Johan SVENDSEN (1840-1911)
Romeo and Juliet, Op.18 (1876) [12:17]
Norwegian Rhapsody No. 1, Op. 17 (1876) [9:13]
Norwegian Rhapsody No. 2, Op. 19 (1876) [8:51]
Norwegian Rhapsody No. 3, Op. 21 (1876) [9:54]
Norwegian Rhapsody No. 4, Op. 22 (1877) [12:18]
Zorahayda, Op. 11 (1874) [12:21]
South Jutland Symphony Orchestra/Bjarte Engeset
rec. Alsion Concert Hall, Sǿnderborg, Denmark, 18-21 December 2007. DDD
NAXOS 8.570322 [64:55]

Grieg and Svendsen are usually paired as the most significant Norwegian composers of their generation, with Svendsen being described as less nationalistic than Grieg. While this is to some degree true, there is still plenty of Romantic feeling in his works and an equal devotion to folk music, which in Svendsen’s case extends to several other countries besides Norway. Both the folk side and the Romantic are evidenced by the music on this disc.

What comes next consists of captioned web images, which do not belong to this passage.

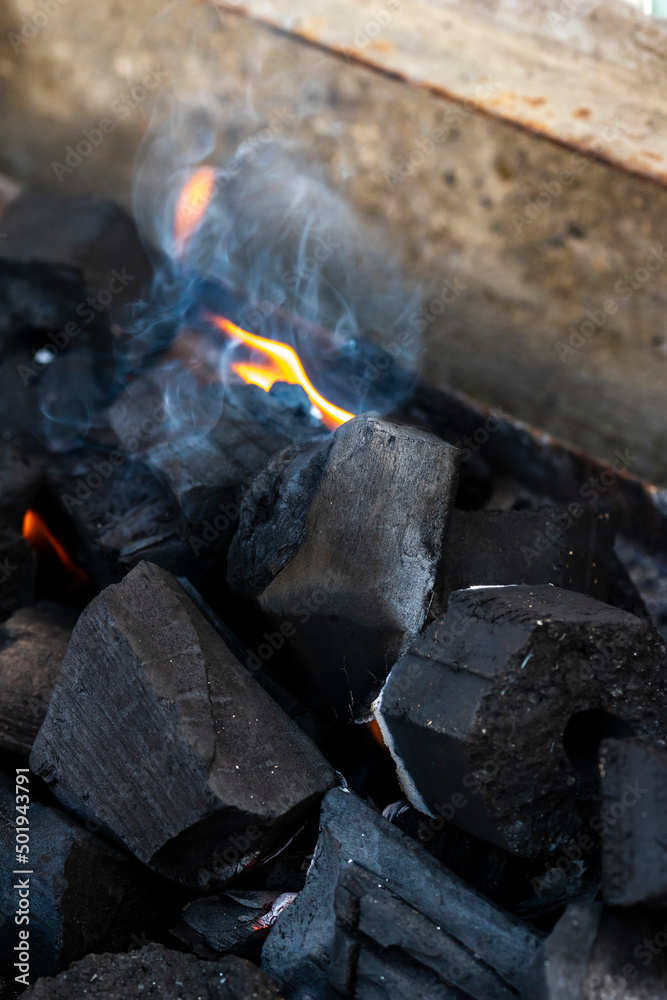 Close up shot of burning wood and charcoal used for barbeque Close up shot of burning wood and charcoal used for barbeque
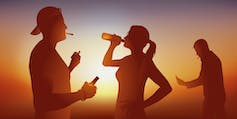 Trois jeunes boivent de la bière en fumant des cigarettes ou des drogues.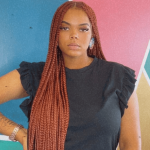 Young woman with long braided hair wearing a black top with ruffled sleeves, standing against a colorful geometric background.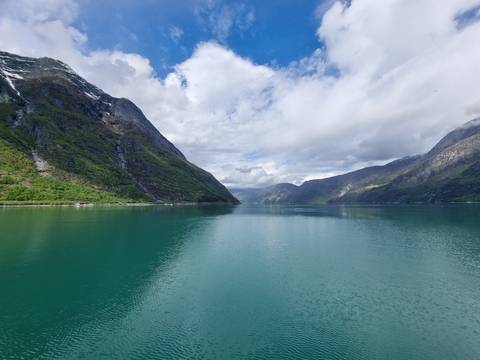 Turquoise fjord flanked by steep green mountains under dramatic clouds.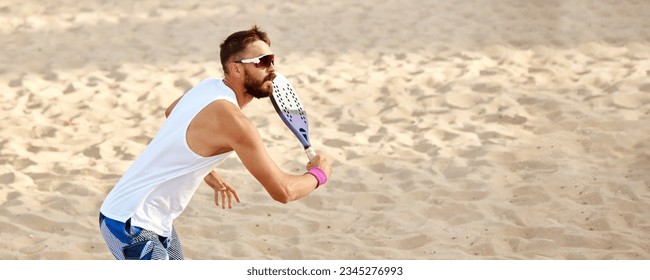 Dynamic image of young man playing beach tennis, hitting ball with racket. Outdoor training on warm summer day. Top view. Concept of sport, leisure time, active lifestyle, hobby, game, summertime, ad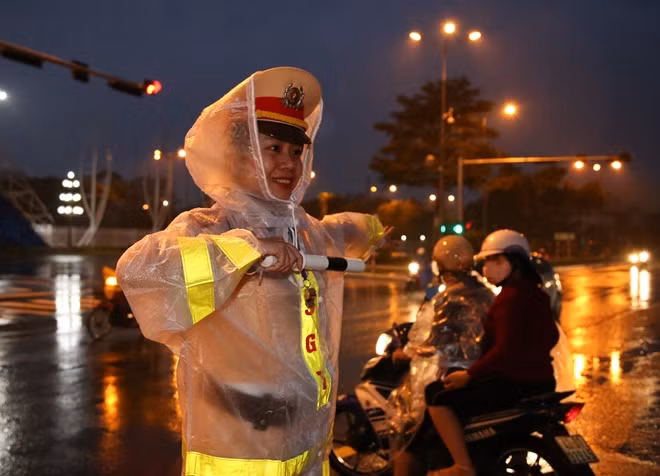 Một nữ chiến sĩ CSGT điều tiết giao thông tại nút giao gần Trung tâm Báo chí trong mưa lớn và gió giật mạnh.
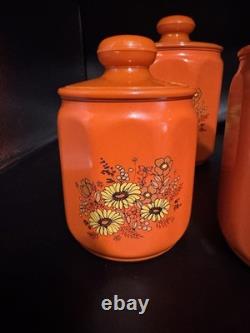 Ensemble de 4 canisters en aluminium Kromex fleurs décor rétro des années 1970 orange
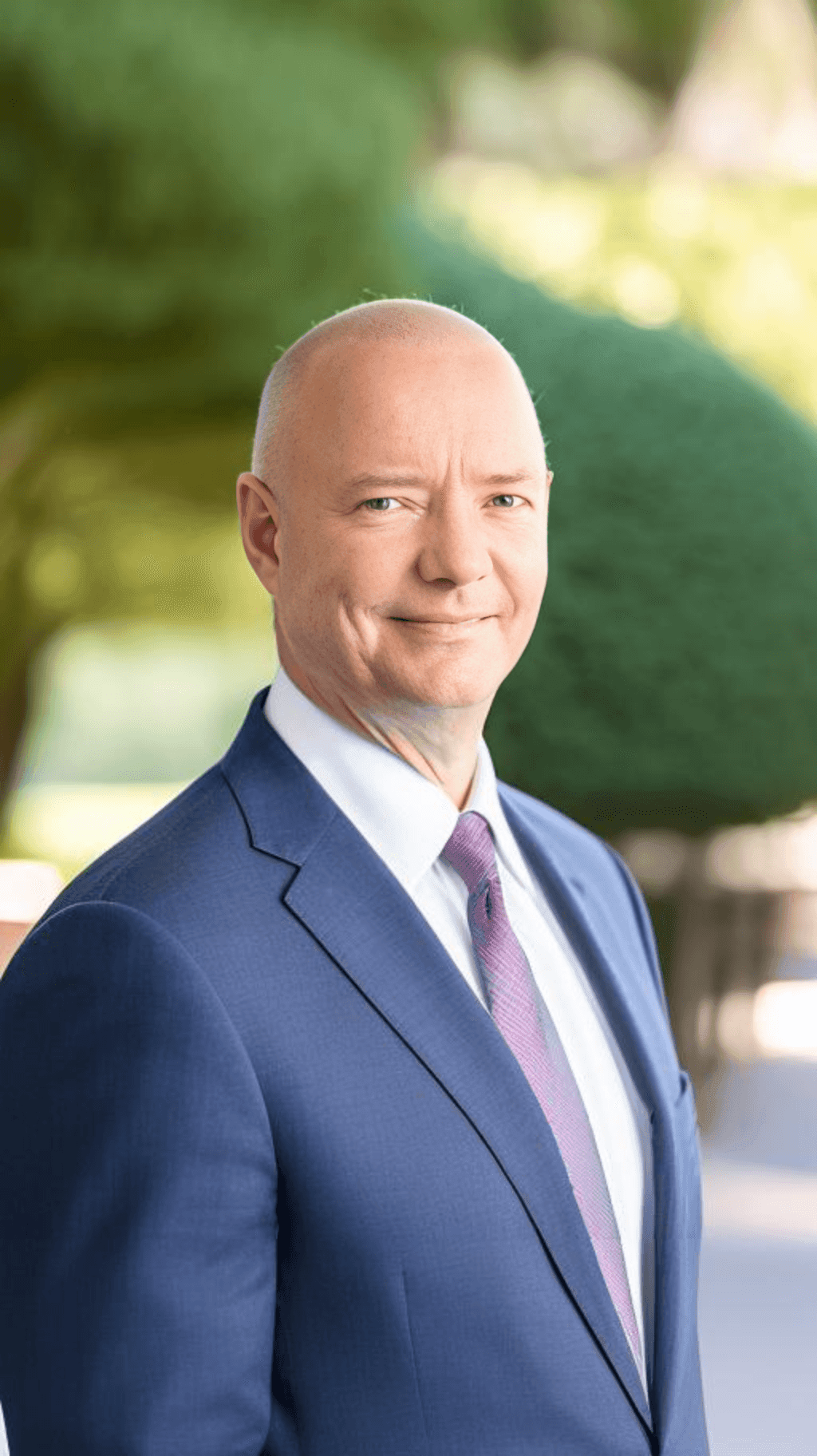 Man wearing a navy blue suit and pink tie, standing outdoors with blurred greenery in the background.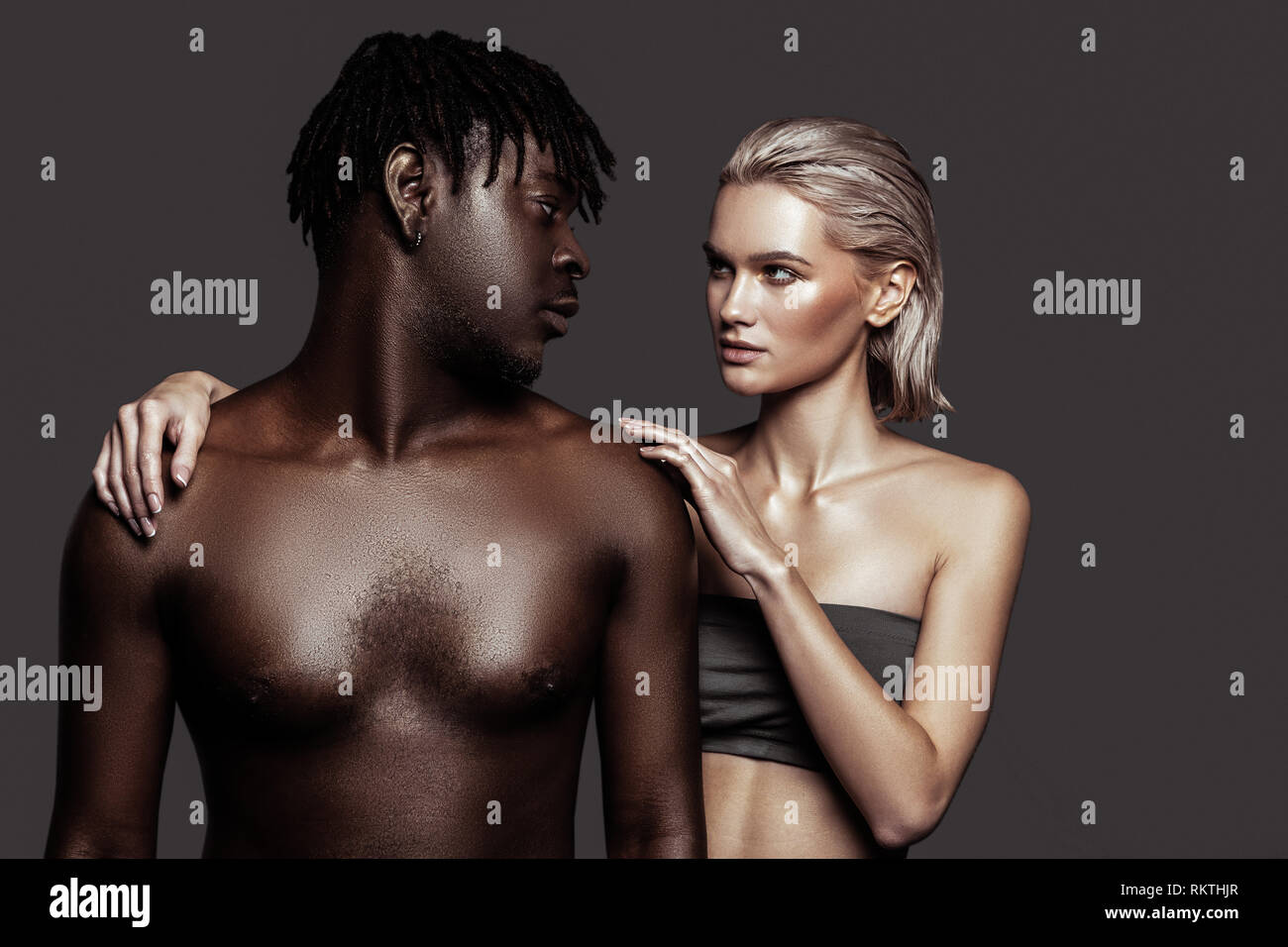 African-American model with dreadlocks looking at his colleague Stock Photo  - Alamy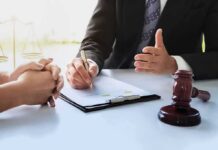 Lawyer and client discussing documents at a desk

The four Norwegian Rhapsodies are among the composer’s most popular works, but one should not assume they constitute the typical nineteenth century mélange of folk tunes. Rather they take the tunes as a point of departure, manipulating them in a more symphonic fashion than is common with folk rhapsodies and the like. The First Rhapsody starts with a theme that will be familiar to those who know Grieg’s Slåtter and which is countered by a beautiful theme on viola. This is eventually taken up by the whole orchestra. The combination of the two themes in the last part of the piece is well done. The Second Rhapsody is more complex in structure than its predecessor. There are three main themes, the first being intensely Norwegian in its syncopations, while the second is quite elegiac, with an interesting use of brass. The third theme is rustic, but the highlight of the piece is how the three themes are eventually combined in an altogether charming way.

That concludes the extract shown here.